In contrast to our finding that the RNA in SRP extends away from the particle in a rod shape, recent FRET data for E. coli SRP in solution suggests that the distal half of the RNA folds back onto the protein (Buskiewicz et al., 2005b). It has already been shown by cross-linking to the large ribosomal subunit that the RNA of E. coli SRP adopts an extended conformation when bound to the ribosome (Rinke-Appel et al., 2002); therefore, previous FRET studies of SRP in solution have revealed a conformation inconsistent with ribosome-bound SRP. Nevertheless, because this region of SRP RNA (nucleotides 1-32 and 75-114) has been demonstrated to be nonessential (Batey et al., 2000) and contributes at most an accessory function, the precise localization of the distal half of the RNA is unlikely to change the structure of the rest of the particle in a functionally significant way.

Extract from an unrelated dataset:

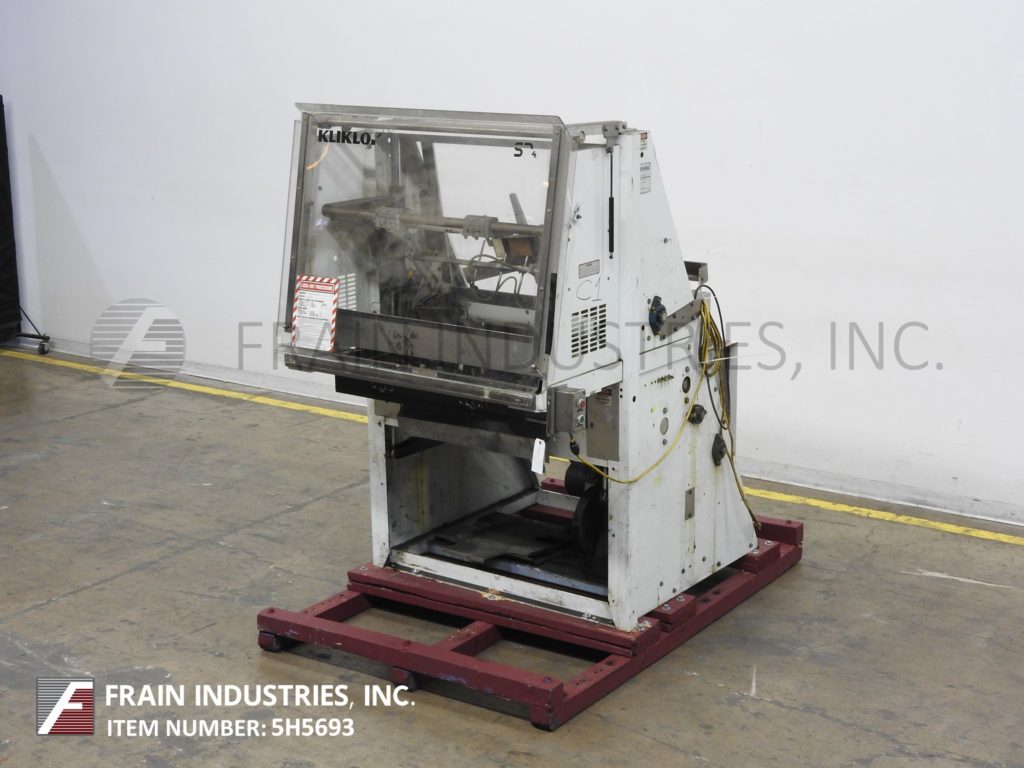 Kliklock #SW4WS, automatic, single head tab lock tray former, 10-60 cycles/minute, 18" L powered blank tray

The NG-M configuration, deduced from other FRET studies that indicated a folding back of the RNA of SRP in solution, was a more opened version of the T. aquaticus A/A configuration. Interestingly, the RNA in this NG-M configuration occludes the FtsY binding site so that further interdomain movement must occur to enable SRP to bind to its receptor. Thus, it is possible that the RNA and the M domain are repositioned relative to NG in response to different stages of the SRP pathway. Consistent with this possibility, results from localized hydroxyl radical cleavage of E. coli SRP RNA indicated that there was at least one region of Ffh that was closer to the RNA tetraloop when SRP was bound to FtsY than in free SRP (Spanggord et al., 2005). Although the sites of cleavage that were obtained for SRP alone are not inconsistent with our model, there are two sites in the SRP/FtsY complex where they did not see cleavage that are close enough in our model that they might have obtained cleavage. As most of the radical induced cleavage experiments included both SRP and FtsY the model they generated may be more relevant to the complex. Nevertheless the data are not inconsistent with the structure we obtained. The main difference between the ec_SRP model and the model they generated is the orientation of the NG domain, which is rotated to a position similar to that in Supplemental Materials (Figure 4G, right).

SRP–Ribosome Interactions

To explore a possible mode of interaction of SRP with the ribosome, ec_SRP was docked onto the structure of the H. marismortui ribosome by using published cross-linking data for bacterial SRP on the large ribosomal subunit. The RNA was positioned using the location of an RNA cross-link between nucleotide U84 of E. coli SRP RNA and nucleotides 2828–2837 of 23S rRNA (Rinke-Appel et al., 2002) (Figure 5A, red spheres). The binding site for the N region of Ffh was identified based on the cross-linking between two residues in the N region and the L23 protein of the 50S subunit by using a cross-linker with a 10-Å spacer arm (Gu et al., 2003) (Figure 5A, light yellow). These two sets of cross-linking data provide constraints that align our reconstruction onto the large ribosomal subunit (Figure 5B) such that the particle runs alongside the nascent chain exit site (Figure 5A, black circle) with M aligned at the location of closest approach to this site. These points clearly fix the location and orientation of the long axis of SRP on the ribosome. To our surprise, it was only possible to position SRP on the ribosome such that the Ffh M domain is located on the side of SRP opposite from the ribosome (Figure 5D). Furthermore, the majority of the potential contacts between E. coli SRP and the ribosome seem to be nucleic acid based. Unexpectedly, the kink in the RNA tail of SRP extends the distal half of SRP RNA away from the ribosome (Figure 5C) where it may recruit nonessential accessory factors. Although the model is placed at a precise angle with respect to the ribosome, there is considerable latitude possible in this angle that would still be consistent with our model and the known biology of SRP. The primary constraint used was not occluding the FtsY binding site on SRP while minimizing the distance between SRP and the nascent chain exit site on the ribosome.

Figure 5.

Figure 5.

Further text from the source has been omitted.